Armas de traductor

El traductor en ciernes aprestando sonriente sus armas ante un original repleto de juegos de palabras y aliteraciones

Helo, helo por do viene/ el infante traductor/ caballero a la jineta/ en caballo corredor.

Pues resulta que en mi última visita a Moulinsart, el capitán, preocupado por los violentos embates de la profesión traductoril, me preguntó por las armas que usa el traductor para masacrar los textos (originales). Como en una entrada anterior hablé de los diccionarios y la documentación en general, paso a analizar otras armas de destrucción masiva para ilustración y ejemplo de la juventud:

Dedo en ristre, el doctorando y pronto traductor se dispone a meter la pata con una "máquina de escribir". Probablemente se quemará con el cigarro al darle a la "palanca" para pasar "el carro".

1) La lanza: Según atestiguan las pinturas de la cueva de Altamira y algunos hallazgos de Atapuerca, al parecer los traductores antiguos (llamados por lo común “comedores de salmorejo”) utilizaban como arma principal un artefacto conocido como “máquina de escribir”, que consistía en una máquina con la función principal de escribir o de ser utilizada como arma arrojadiza. Entre sus ventajas se contaban varias; por ejemplo, tenía una teclas duras de narices, como te equivocaras ibas aviado, para hacer copias había que usar algo llamado “papel carbón” que también servía para pringarse los dedos (y como te equivocaras ibas todavía más aviado). Estas ventajas, que permitían ejercitar los dedos y la virtud de la paciencia, tenían sus contrapartidas. Por ejemplo, según películas y novelas, si matabas a alguien y para despistar escribías una nota en tu máquina (“A sío la chacha”, porque no siempre va a ser el mucamo), te pillaban enseguida porque cada máquina escribía a su manera y encima podían averiguar si eras hombre o mujer por la fuerza al teclear. Esto, siendo hombre, era una gaita porque si le dabas al punto con cierto vigor le hacías unos agujeros al papel que quedaba muy oreado y muy chulo al contraluz, pero que no sé yo.

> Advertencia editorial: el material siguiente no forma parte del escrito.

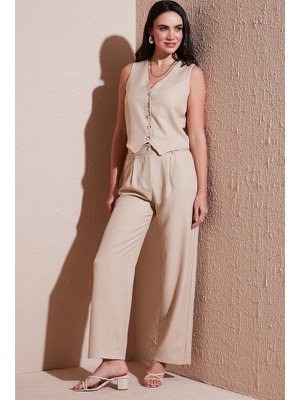 Lela Takım 67045162s4 Taş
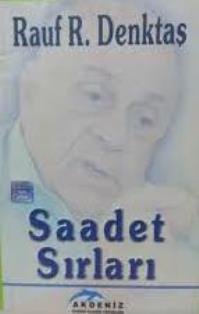 Saadet%20Sırları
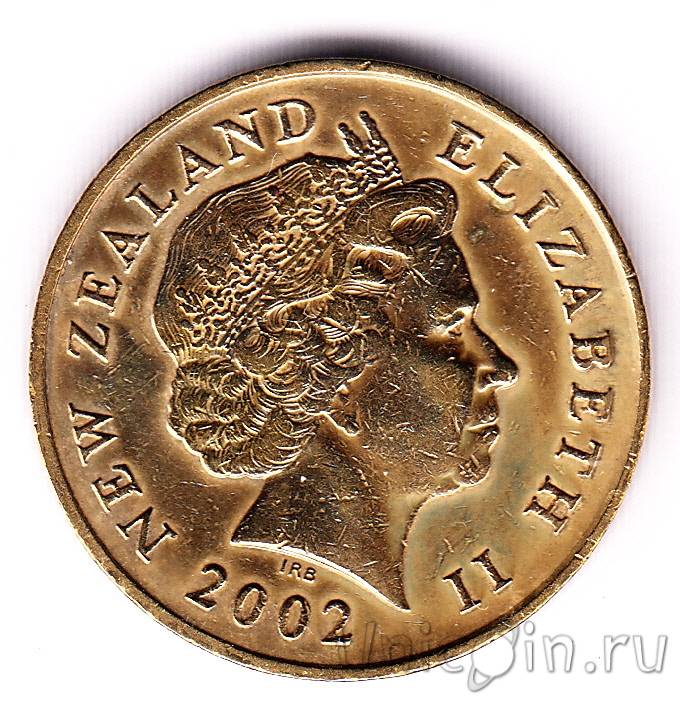 2002 долларов в рублях. 2 Доллара новая Зеландия. 2 Доллара 2002 год стоимость. Новозеландские 2 доллара Соломин купить в СПБ.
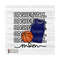 MR-610202384052-basketball-design-png-basketball-mom-with-chalky-jersey-in-image-1.jpg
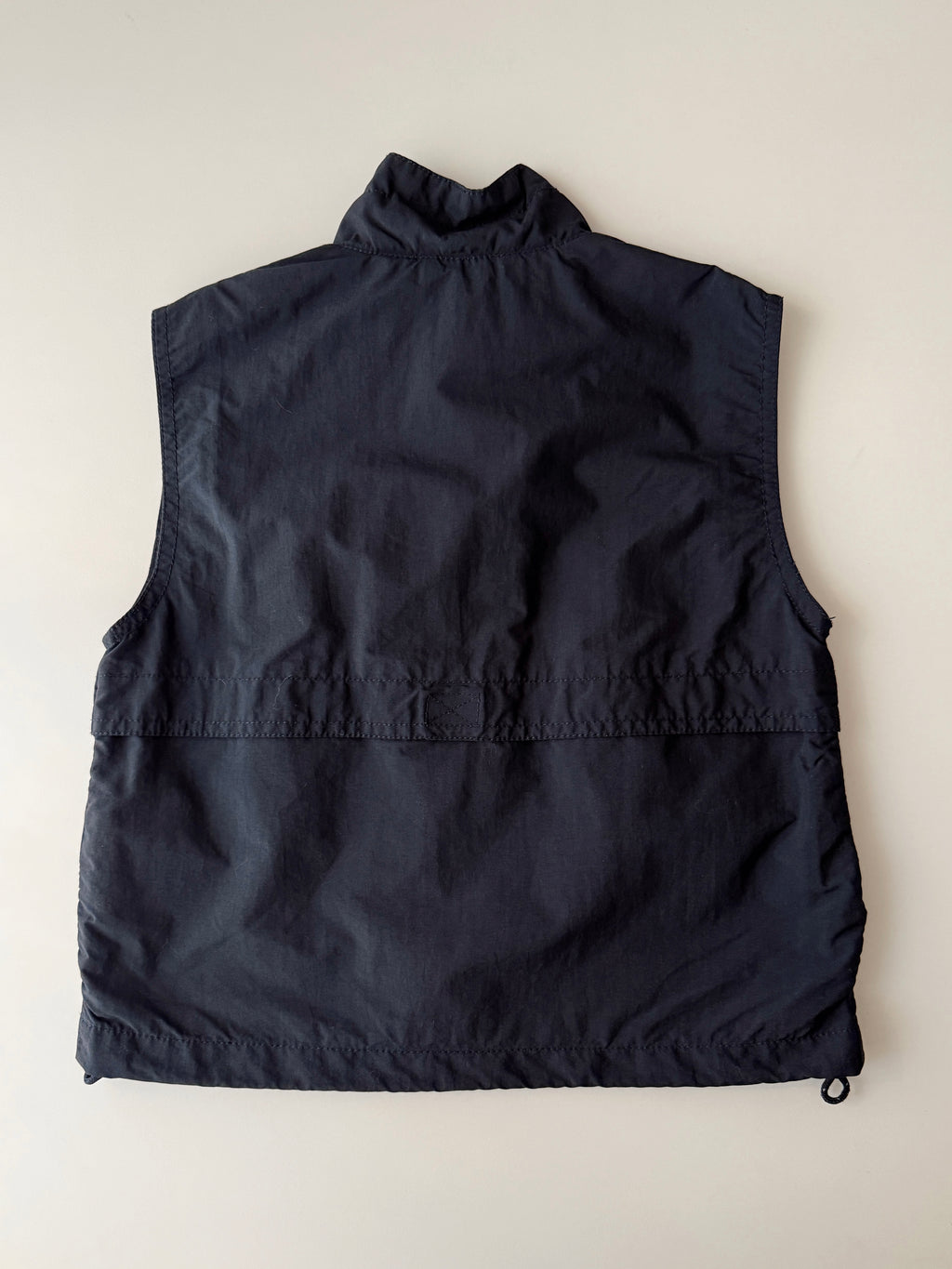 Veste Logg - 98cm / 3 ans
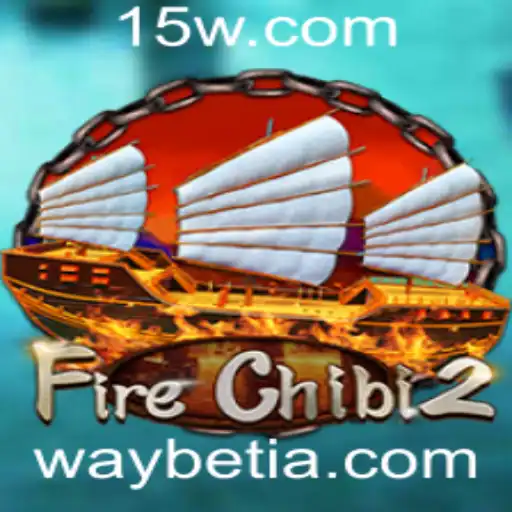 FireChibi2: Mergulhe na Aventura com Waybet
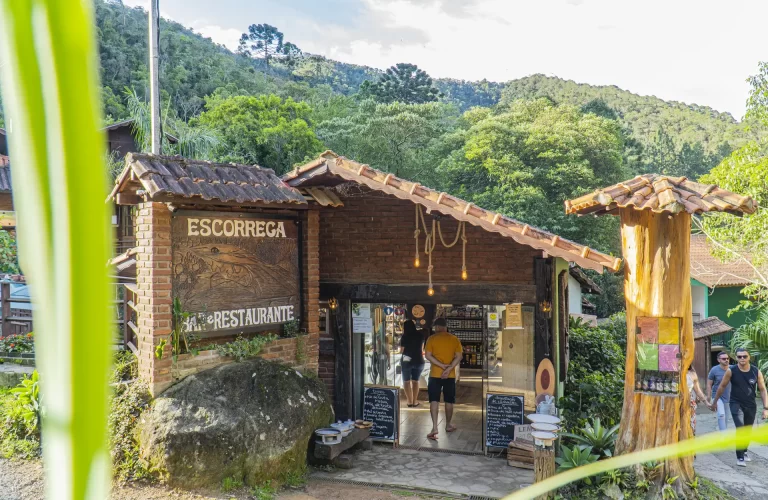 emporio-do-escorrega-4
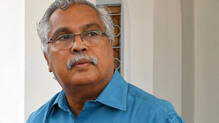cpi-leader-benoy-viswam-response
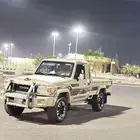 جنوط الواظحه فالصوره للبيع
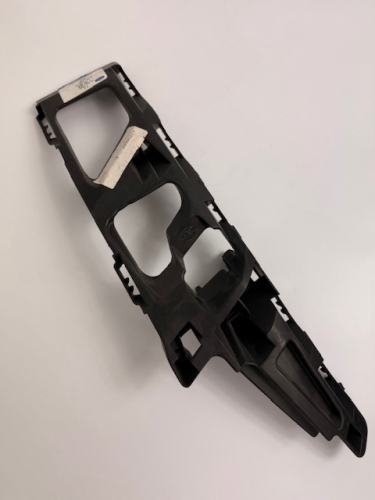 ŚLIZG ZDERZAKA PRAWY PRZÓD MONDEO MK4 2010-2014 BS71-17E856-AB 1737424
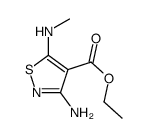 117377-37-4 structure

Luego se inventó otro artilugio a partir de un teclado de máquina de escribir, una caja enorme y ruidosa llena de cables y cosas raras y una especie de tele. A esto lo llamaron “máquina de ordenar” y superaba en mucho a la de simplemente escribir porque tenía (tiene) unos y ceros mientras que con la máquina el uno lo hacías con una ele minúscula (no muy pequeña, minúscula) y el cero con una O mayúscula. Otra de sus bondades es que puedes jugar a juegos extremadamente violentos en los que te imaginas que matas al autor, al editor o al jefe de departamento y así descansas de tanto traducir.

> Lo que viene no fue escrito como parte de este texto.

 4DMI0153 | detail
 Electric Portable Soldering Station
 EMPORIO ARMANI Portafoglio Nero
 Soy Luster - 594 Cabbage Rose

Pero lo principal para el traductor es que con la máquina de ordenar borras, cambias, tachas y demás sin atentar contra los arbolitos con los que se fabrica el papel y que son los pulmones de nuestro planeta. ¡Todo sea por la ecología! Además, te puedes conectar a algo que se llama “inter-red” donde puedes encontrar todo tipo de porno, pero también enciclopedias varias, diccionarios diversos, foros de pirados como uno mismo, e incluso cuadernos de b-bitácora como éste que están leyendo (“¡Señor Yáñez, hágalo constar en el cuaderno de bitácora!” “¡Aye, aye, capitán Sandokán!”). Asimismo se pueden utilizar varios teclados en un solo teclado. Por ejemplo, mi computordenador tiene un teclado turco al parecer defectuoso puesto que dice “por defecto”, pero toqueteando un poco puedo hacer que las teclas de las letras turcas escriban letras españolas (¡Magia!). Es muy práctico, porque cuando manejas varios ordenadores (el portátil, el grande, el de un despacho, el del otro despacho y el de ese compañero de ahí) no sabes qué teclado estás usando, lo cual te garantiza gratas y divertidas sorpresas.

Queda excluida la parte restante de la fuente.